La legislazione vigente, quindi, finora non approntava alcun tipo tutela per la famiglie che da eterosessuali diventavano omosessuali, magari col consenso di entrambi sia all’operazione per cambiare sesso, che alla continuazione della convivenza.
Ma i giudici costituzionali hanno sostenuto che anche se la coppia non è più eterosessuale merita comunque protezione come ‘forma di comunità’, connotata dalla stabile convivenza tra due persone; sul punto, è stato sollecitato l’intervento del legislatore attraverso la regolamentazione dei pacts, ossia le convivenze omosessuali registrate.
Infatti, osserva il giudice delle leggi, la sentenza di rettificazione del sesso si risolve in una sorta di divorzio imposto dalla legge che toglie libertà di autodeterminazione alle coppie rispetto al mutamento intervenuto.
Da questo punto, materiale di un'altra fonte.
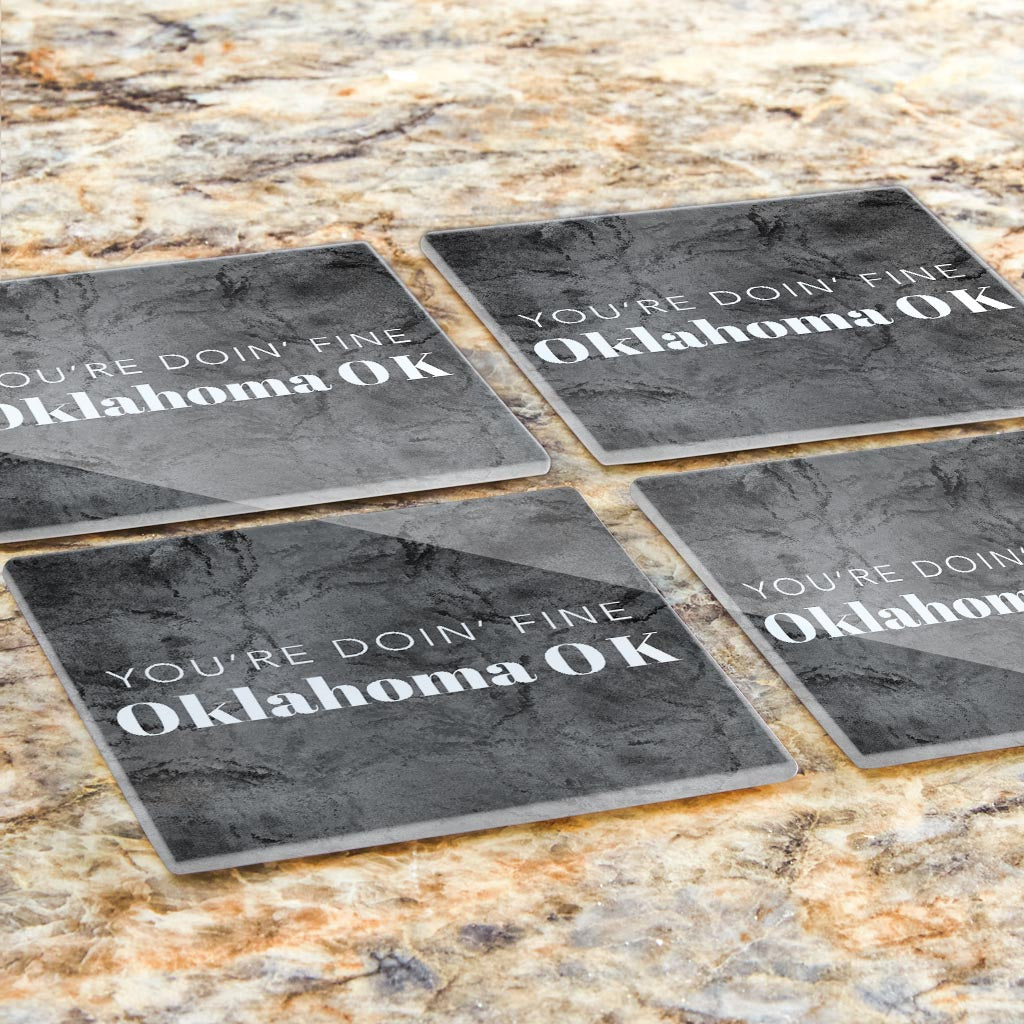 Modern Oklahoma Ok Saying | Hi-Def Glass Coasters | Set of 4 | Min 2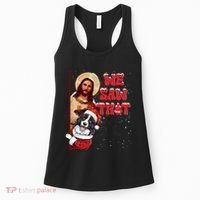 Jesus And Border Collie We Saw That Funny Christmas Women's Tank Top thumb 0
Se la coppia volesse mantenere la convivenza od il legame giuridico, ciò non sarebbe possibile, perché la legge del 1982 tutela solo l’interesse dello Stato (a che le famiglie siano formate da coppie eterosessuali), penalizzando l’interesse dei singoli. La normativa è pertanto incostituzionale perché chiusa ad una possibile tutela della coppia come forma di comunità ‘idonea a consentire e favorire il libero sviluppo della persona nella vita di relazione’.
Si auspica quindi l’intervento di una legge che regolamenti tali fattispecie in sostituzione a quella illegittima, introducendo magari una forma alternativa e diversa dal matrimonio che consenta ai due coniugi di evitare il passaggio da uno stato di massima protezione giuridica ad una condizione, su tale piano, di assoluta indeterminatezza.